Skepticism. Disbelief. Strong opposition. Those were the kind of attitudes that greeted Pastor Chris Boggs and his wife Glenda when they talked about their small church of 40 people building a new church in 2009.

When the economy fell in 2010 and the new church was just underway, the negativity — especially from the religious community — poured in.

And a few months later, when Pastor Boggs felt convicted that the church should be built debt-free . . . .

For the past 15 years, the Boggses have been ministering at Sonlight AG, in Weston, Ohio, a small town with a population of about 1,500. When they first took over the church, it was nearly dead.

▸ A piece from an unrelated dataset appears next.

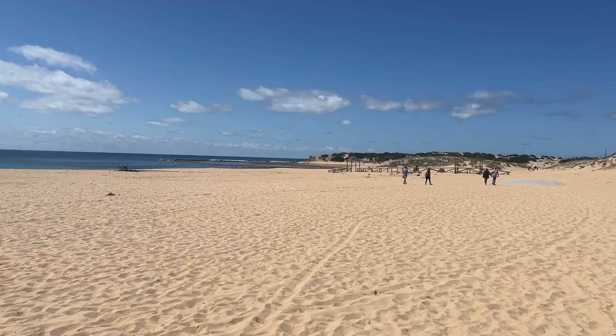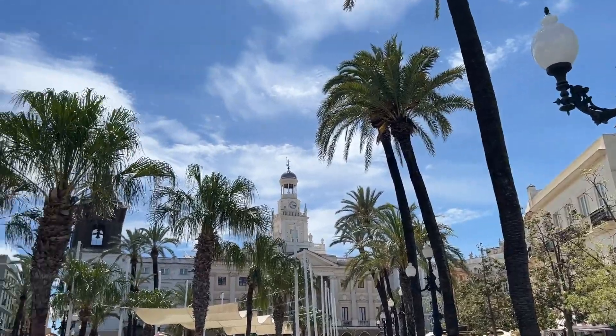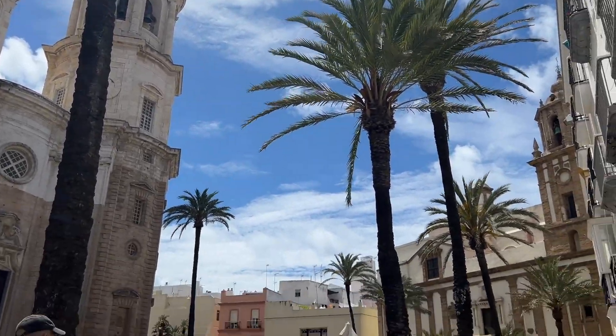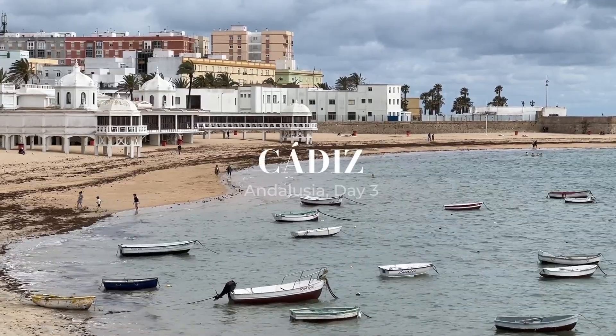It's road trip time! We just picked up our rental car and now we go on to exploring the other parts of Andalusia.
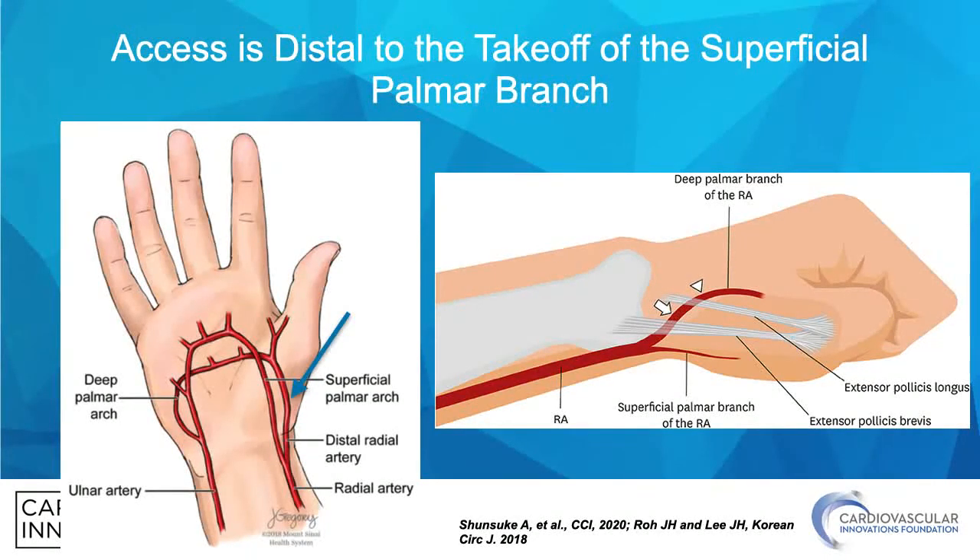What's more, the distal radial artery access site is after the takeoff of the superficial palmar arch, meaning that even if there is occlusion in the distal radial artery, the hand is still perfused.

"If it wasn't for our home church, Kettering Assembly of God in Dayton (Ohio) supporting us like missionaries for the first few years, we never would have made it," Pastor Boggs says, explaining he also drove a school bus to help make ends meet. The church building itself was far from ideal — small, 14 steps up to the entrance, no alcove area, and no place to grow.

But finally, after extensive preparation and planning, the church decided to build. The challenge was, they did not have much money, no property to build on, and at that time, even home loans were tough to come by.

Struggling to find property to build on, Boggs and the church board requested the help of a former board member. They anointed him with oil, prayed over him, and sent him out to find the property God wanted the church to be built on.

Boggs says God gave them favor with a landowner who had refused all others in their attempts to purchase a prime 5-acre piece of property that sat on the highway intersection. Not only we're they able to purchase the land, but the man they had anointed felt led to buy the property for the church and give the church a substantial gift to begin its building program.

The church itself was also raising funds for the building program and on September 19, 2010, broke ground on the building.

"Our plan was to get a shell up and then as money came in, we would work on it," Boggs says. "Then, whatever was left to do, we would get a loan to finish it up."

Although donations were still coming in from unexpected sources as well as through pledges, it was barely enough to keep the building moving forward. "It doesn't take long to burn through money when building," Boggs admits.

But then the game changed. After attending a Financial Peace University event in January of 2011, Boggs was convicted that the church should be built without debt, meaning no loans. From that point on, the Boggses became cheerleaders, emphasizing the progress, while facing skepticism in the community.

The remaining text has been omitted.